Round 49

Exploring Shadows and Light at Project Row Houses

A new round of artist installations takes shape under the title Penumbras: Sacred Geometries.

By Brittanie Shey March 21, 2019

Written on Skin and Sacred Gestures by Charo Oquet.

"This piece has a lot to do with healing through joy and through hope," says Charo Oquet.

The Dominican artist is standing in the middle of her installation inside 2515 Holman Street, one of the Project Row Houses buildings. The work, titled Written on Skin and Sacred Gestures, incorporates planks of wood, glass bottles filled with dyed water, large scraps of colorful fabric, and talisman-like sculptures, all climbing up a path into the middle of the room. The installation does evoke a feeling of joy, or maybe a feeling of accomplishment, as though one has scaled a large mountain.

Oquet joins the latest iteration of Project Row House’s Artists Rounds, a biannual collaborative project that uses art to create conversations about culture, history, and community. Round 49 is called Penumbras: Sacred Geometries and is inspired by the works of artist Bob Powell, who participated in PRH’s third artist round, and Dr. John Biggers, the legendary Houston artist and art teacher.



Sacred geometry refers to the idea that certain mathematical or geometric patterns underly every aspect of nature (think: Golden Ratio). A penumbra is the outer, partially-shaded part of a shadow. Thematically, penumbras can refer to something partially obscured, and in the context of sacred geometry, those unseen forces could potentially influence a lot of the world around us.

On a more literal level, Round 49 is about “the intersection of the African and Latin American diaspora,” says Co-Curator Ryan Dennis. “It’s about making these connections—to the South, to the diaspora and the Caribbean.”

Round 49 was curated in connection with the Latino Art Now! Conference, which will take place April 4–6 at UH. In addition, the exhibit will include an immersive live performance, Sitting on A Man's Head, on April 11 and 12 as part of the 2019 CounterCurrent Festival. Dennis says the works in Round 49 don't necessarily deal with the theme in obvious ways. “We wanted people to dig deeper,” she says.

Take Oquet’s installation. “I’ve worked with wood and towers since, well, since the fall of the Twin Towers,” Oquet says. “The wood is like the skeleton—it’s the part you don’t see.”

 Her work is about cultivating joy in the midst of disaster.

 “In Dominican culture, our way of dealing with our problems is we dance it out, we party it out. That’s what I mean by radical hope.”

Though many of the artists in Round 49 are based in the Miami area, they all have connections to PRH, according to co-curator william cordova. Yanira Collado and Onajide Shabaka, for example, both collaborated with PRH and cordova in 2015. “I got to know these artists through the years, and I tend to highlight artists that are underrepresented,” he says. cordova himself has contributed a project that looks at the lesser-known multicultural histories of radical groups like The Black Panthers and the Young Lords.

For this round, Collado has incorporated ephemeral items, including used clothing and objects she’s picked up on her walks through the Third Ward, into structures reminiscent of walls and cabinets. “These are all textiles that have a history,” she says. “They’re a symbol of going forward with the past.”



Shabaka wanted to explore the role of Texas in the Underground Railroad, as slaves made their way to Mexico and freedom. His work echos the constellations those travelers followed as they navigated South. His installation is quiet and welcoming in a way that is totally different than Oquet’s exuberant house.

 “I wanted to create a meditative space,” Shabaka says.

Aramis O’Reilly, a visual art professor at Miami-Dade College, is inspired by the shifting nature of time.

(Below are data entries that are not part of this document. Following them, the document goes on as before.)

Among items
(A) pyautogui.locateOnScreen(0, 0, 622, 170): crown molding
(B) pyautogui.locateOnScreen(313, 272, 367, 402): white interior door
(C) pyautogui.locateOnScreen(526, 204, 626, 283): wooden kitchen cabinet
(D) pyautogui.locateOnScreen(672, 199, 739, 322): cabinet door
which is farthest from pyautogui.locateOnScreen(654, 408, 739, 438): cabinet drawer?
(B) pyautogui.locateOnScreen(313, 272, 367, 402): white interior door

His installation, Forms in the Garden, makes use of photographs taken by his wife, Pierina Guido, which depict natural objects like trees and clouds. O’Reilly then responds to those photographs with a collage of colorful papers and other irreverent items, like circular reinforcement stickers for looseleaf paper.

O’Reilly says he’s interested in the idea of an artist as a vessel for some greater unseen force, and that responding to his wife’s work allows him to tap into that force. The garden theme comes into play, he said, as he contemplates “the patterns and structure that nature and the physical world take on with exuberance” — in spite of mankind’s attempts to intervene. “Photos are interesting because they are images of objects that aren’t actually here,” he says. “They represent an intangible part of time than the one we’re experiencing right now.”

O’Reilly was already exploring this theme in his work when he encountered Plato's allegory of the cave. In the story, a group of prisoners see a shadow on the wall in front of them, not knowing the shadow is coming from people behind them. It’s the shadow, not the source of the shadow, that the prisoners respond to.

“All objects reflect light,” O’Reilly says. “It’s the light we’re responding to. So those objects are a vehicle for something else."

Reading Plato felt like a validation of what he was already working on. How did he stumble across those writings? Perhaps he was guided by the hand of some unseen, outside force.

Penumbras: Sacred Geometries runs through June 9, 2019 at Project Row Houses. More info at projectrowhouses.org.